Exercise materials START

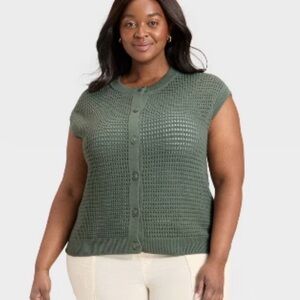 Universal Thread Women's Green Knit Sweater Size Small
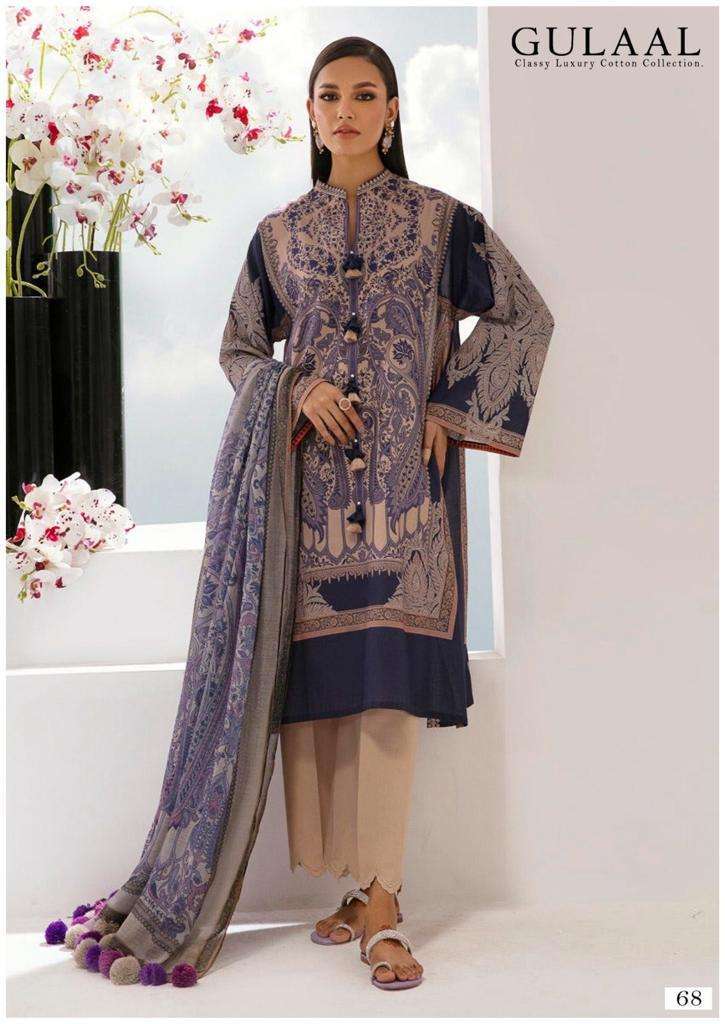 Navy Blue Bandhej Banarasi Silk Suit - Indokuni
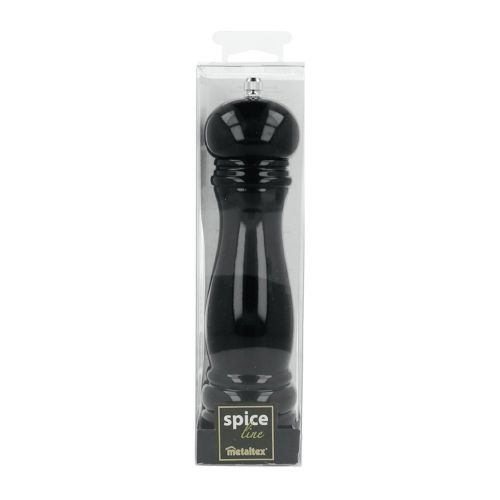  Metaltex 586045038Pepper Mill 22cm, Wood, black, 4x 4x 22cm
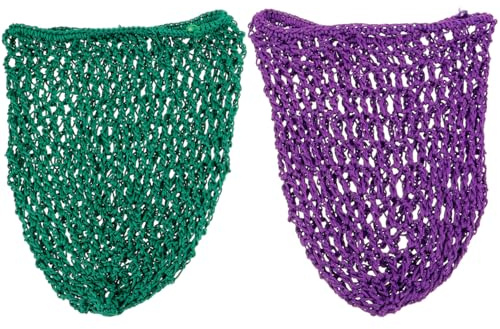 Lurrose Schlafhaube 2Er Set Mesh Haarnetz Kappe Für Haarschutz Beim Schlafen Elastische Nachtmütze Atmungsaktiv Weich Bequemer Sitz Für Damen 11.81 X 11.02 X 0.20 in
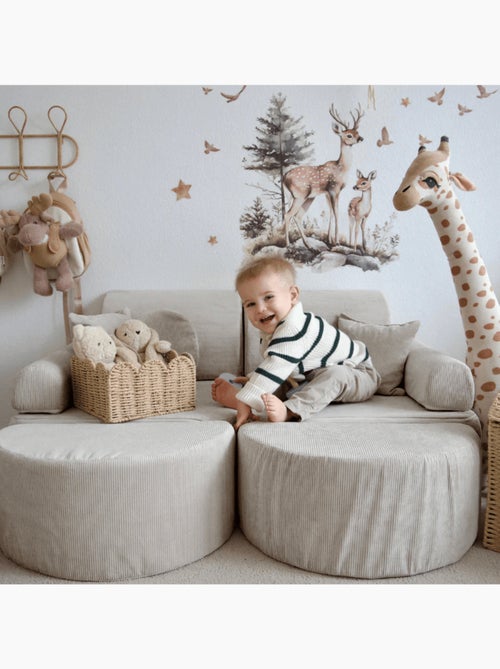 Canapé enfant modulable Meow Baby SLIMCORDE 12 pièces - Kiabi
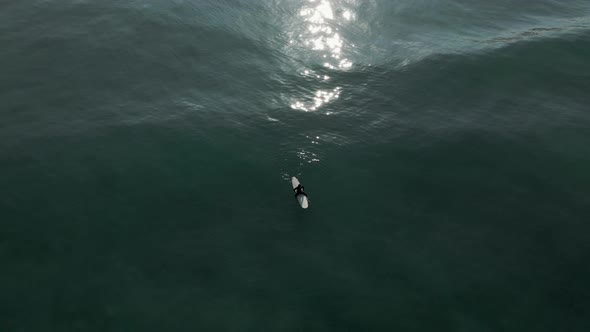 Surfer Waiting for a Good Wave Moment for a Surf alt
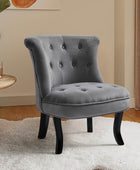 Elegantly Curved Jonnie Tufted Vanity Stool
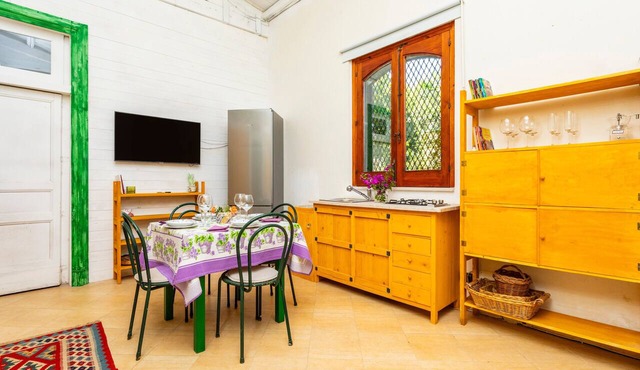 Apartment 'La Casa Del Fico D'india - Verde' with Shared Garden, Wi-Fi and Air Conditioning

Exercise materials END

Set every record down exactly, omitting pictures.

 Universal Thread Women's Green Knit Sweater Size Small
 Navy Blue Bandhej Banarasi Silk Suit - Indokuni
  Metaltex 586045038Pepper Mill 22cm, Wood, black, 4x 4x 22cm
 Lurrose Schlafhaube 2Er Set Mesh Haarnetz Kappe Für Haarschutz Beim Schlafen Elastische Nachtmütze Atmungsaktiv Weich Bequemer Sitz Für Damen 11.81 X 11.02 X 0.20 in
 Canapé enfant modulable Meow Baby SLIMCORDE 12 pièces - Kiabi
 Surfer Waiting for a Good Wave Moment for a Surf alt
 Elegantly Curved Jonnie Tufted Vanity Stool
 Apartment 'La Casa Del Fico D'india - Verde' with Shared Garden, Wi-Fi and Air Conditioning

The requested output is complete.